Dylann Roof, 4chan, and the New Online Racism - cremno
http://www.thedailybeast.com/articles/2015/06/29/dylann-roof-4chan-and-the-new-online-racism.html

======
api
"A reactionary, defiantly anti-social politics has been emerging for the last
decade. It was well known under the auspices of “trolling” and well hidden by
its pretense of trickstersism. It was actually juvenile fascism and vitriolic
racism but, because it grinned and operated in cyberspace, it was a sensation
when it first appeared less than a decade ago."

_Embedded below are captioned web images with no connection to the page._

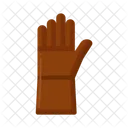 Safety Gloves Gloves Hand Gloves Icon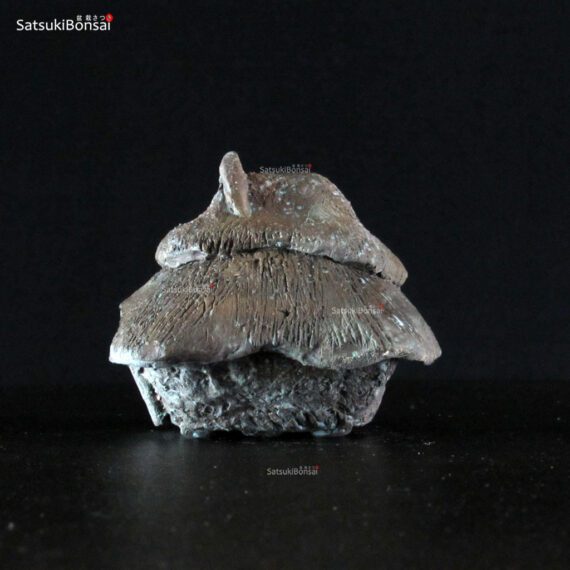 Capanna gres - immagine 2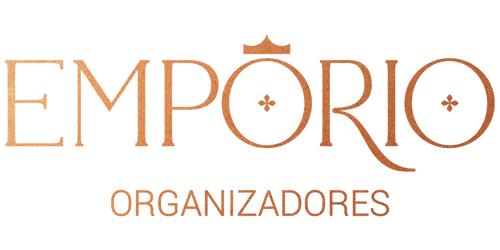 EmpórioOrganizadores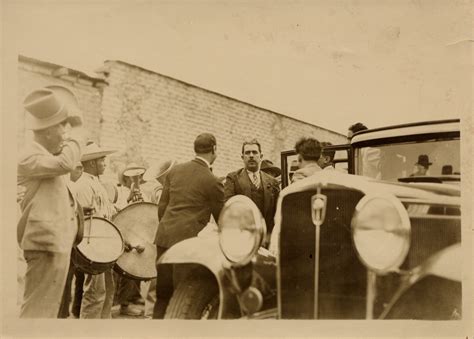 Fototeca Centenario De La Revolución Mexicana Fototecas México Sistema De Información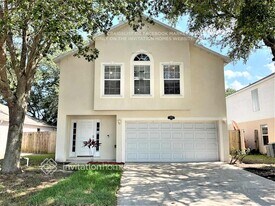 Building Photo - 4525 Elena Way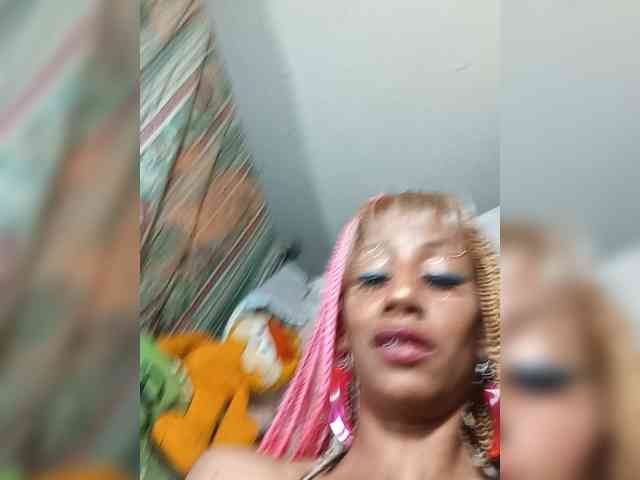 Starunivers webcam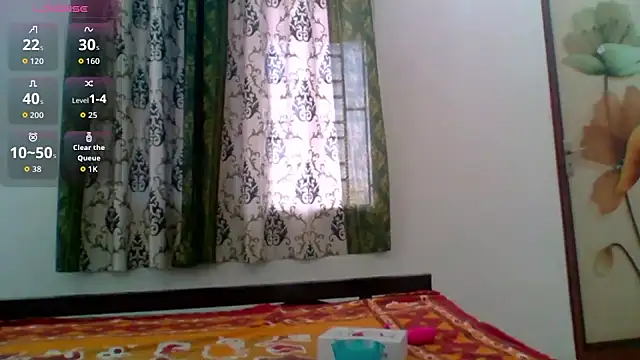 Snapshot of cute_girl007 chatting on December 2025 06:45:02 AM cute girl007 online show from December 2025 06:45:02 AM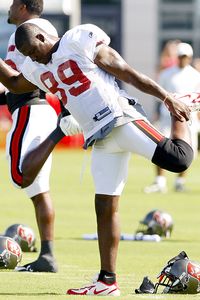Anthonio Bryant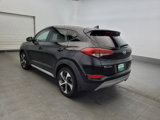 Used 2018 Hyundai Tucson Sport image 5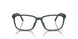 5508 - Green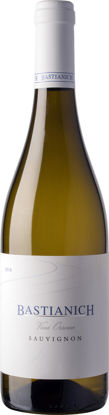 BASTIANICH-SAU-FRIULI-6X75CL Picture of BASTIANICH SAU FRIULI 6X75CL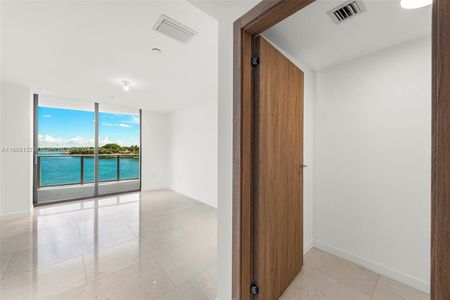 New construction Condo/Apt house 1135 103Rd Street, Unit 505, Bay Harbor Islands, FL 33154 - photo 25 25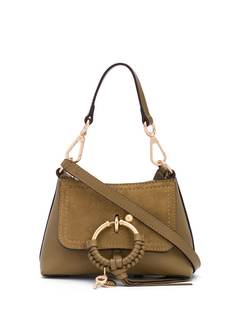 See by Chloé Joan Mini shoulder bag
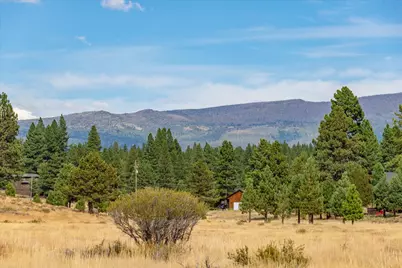 15880 Wellington Way, Truckee, CA 96161 - Photo 18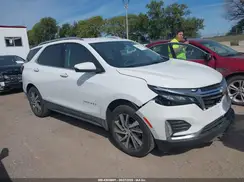 3GNAXXEG2RL248319 2024 CHEVROLET EQUINOX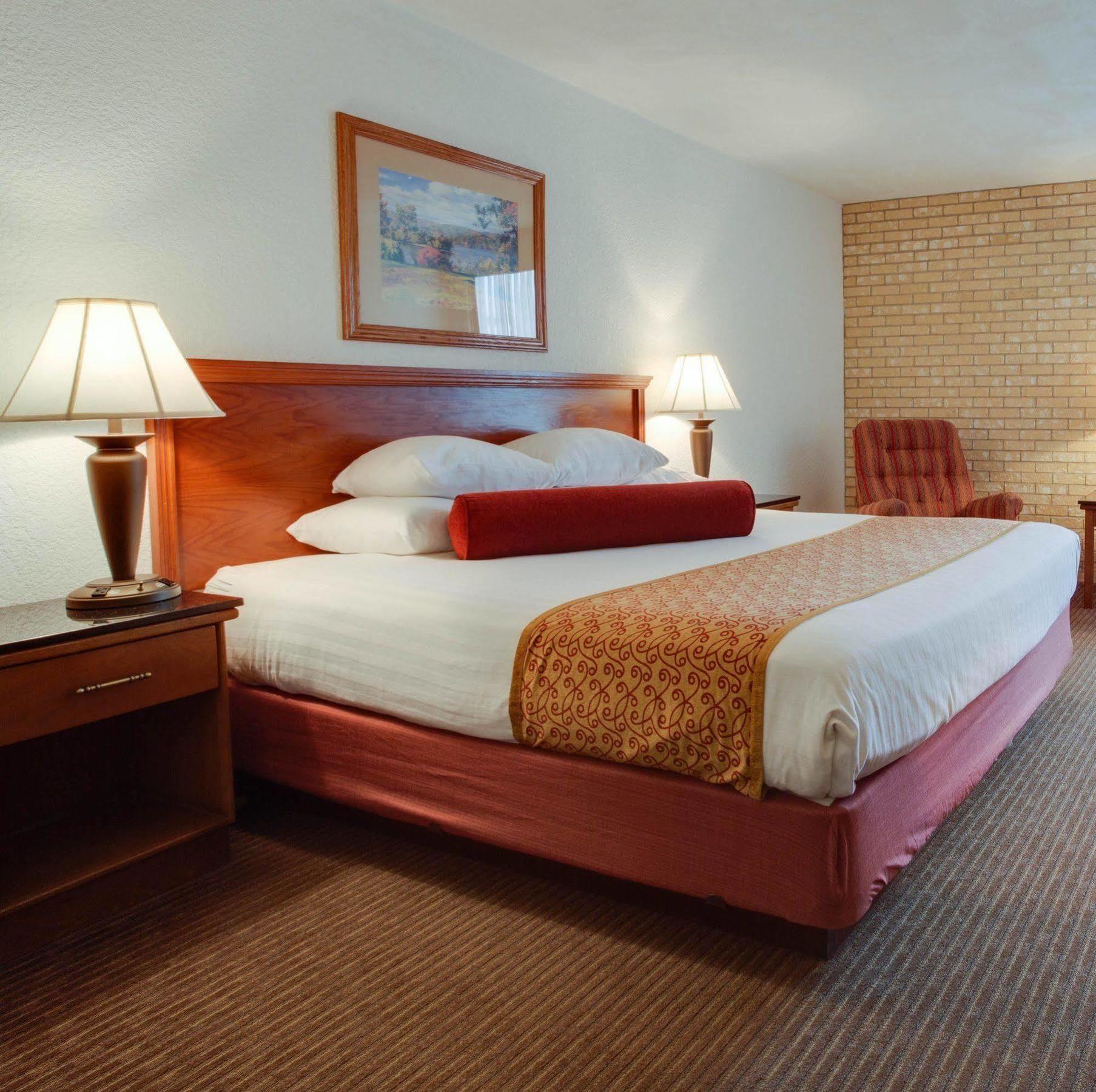 Pear Tree Inn San Antonio Northwest Medical Center Экстерьер фото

For only the last decade? Only in "trolling culture?" Where has this author
been?

It's pretty common for the highly intelligent and sensitive to embrace
reactionary ideology after becoming disillusioned in turn with pop culture,
counterculture, and academic liberalism. Maybe this is it, they think, finally
a movement that's intelligent! Neo-fascists and reactionaries know how to play
to this with the whole 'red pill' nonsense. Eventually people move on when
they realize that this, too, is dumb.

You'll never find an intelligent movement because there is no such thing.

For something to become a movement, it must be reduced to communicable meme-
sized sound bites. Then a low-fidelity game of telephone is played with those,
further bleaching out any depth. That process inherently erodes any subtilely
or grace that the original may have once possessed. Then demagogues rise up
and 'ride' the movement, hoping to gain money, power, sex, or just attention.
These people tend to be sociopaths and narcissists, and they proceed to shit
copiously upon whatever scraps of intelligence and value might remain.

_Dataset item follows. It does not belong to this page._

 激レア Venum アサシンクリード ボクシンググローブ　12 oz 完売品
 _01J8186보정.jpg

There are deep, interesting, and thoughtful authors of nearly every political
persuasion, from right and reactionary to libertarian to Marxist, liberal,
progressive, feminist, you name it, but none of that intelligence can or will
ever translate into the popular representation of any of those things. They
are all worth reading, but that takes time.

The Internet is new, and we're still assimilating it. One thing we're finally
(I think/hope) coming to grips with is that it's actually a great vehicle for
the rapid spread of stupid, shallow ideas. Social media is biased toward
sound-bites and click bait. Those are the things that spread. Ideas that take
too long to consider and assimilate have a low viral coefficient.

As I've grown up with the net, one of the things I've learned is the value of
being selective as to what channels I pay attention to. There's a lot of high-
quality stuff on the net but you have to be picky to find it. Popular areas of
sites like Reddit and noise-boxes like 4chan are the gutter and are to be
avoided, as is the perpetual borgsong of the Facebook feed. Smaller and
topical sub-reddits and smaller sites like Hacker News are somewhat better,
and are at least decent starting points.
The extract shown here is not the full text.